There are some who have started to push back against this ubiquitous climate reductionist impulse. A team of research ecologists based mostly at Colorado State University, for example, has challenged the suggestion that higher temperatures increase the risk of civil war in Africa. They argue that attributing such causal powers to climate “oversimplifies systems affected by many geopolitical and social factors,” and they point out that unrelated geopolitical trends — most notably, decolonization and the vicissitudes of the Cold War — tend to be ignored in climate reductionist agendas. Halvard Buhaug, a political scientist at the Peace Research Institute Oslo, also hasserious reservations about climatic supremacism. “Climate variability is a poor predictor of armed conflict,” he observes, and civil wars in Africa are far better explained by ethnopolitical exclusion and a poor national economy.
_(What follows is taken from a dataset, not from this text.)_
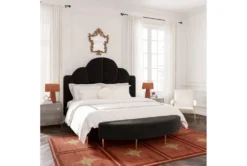 Bridgette Black Queen Velvet Bench 7 Bridgette Black Queen Velvet Bench -Home Furniture 304166 black fabric bench room 85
Prophecy is a precariously uncertain business. Sir John Houghton, former co-chair of the Intergovernmental Panel on Climate Change, issued a word of caution along these lines when giving evidence to the U.K. House of Lords Select Committee on Economic Affairs in 2005: “When you put models together which are climate models added to impact models added to economic models, then you have to be very wary indeed of the sort of answers you are getting and how realistic they are.”

And yet a strong sense of predestined inevitability pervades a good deal of current thinking about climate change by the national security industry. In such visions, humanity’s future is dictated by climate, literally degree-by-degree. We should indeed be wary of this turn of events. And when prognostications offer the human race moral absolution when it comes to taking responsibility for the world’s ills — on the surface demanding action while simultaneously releasing us from blame for our role in causing conflict — it’s best to be even warier still.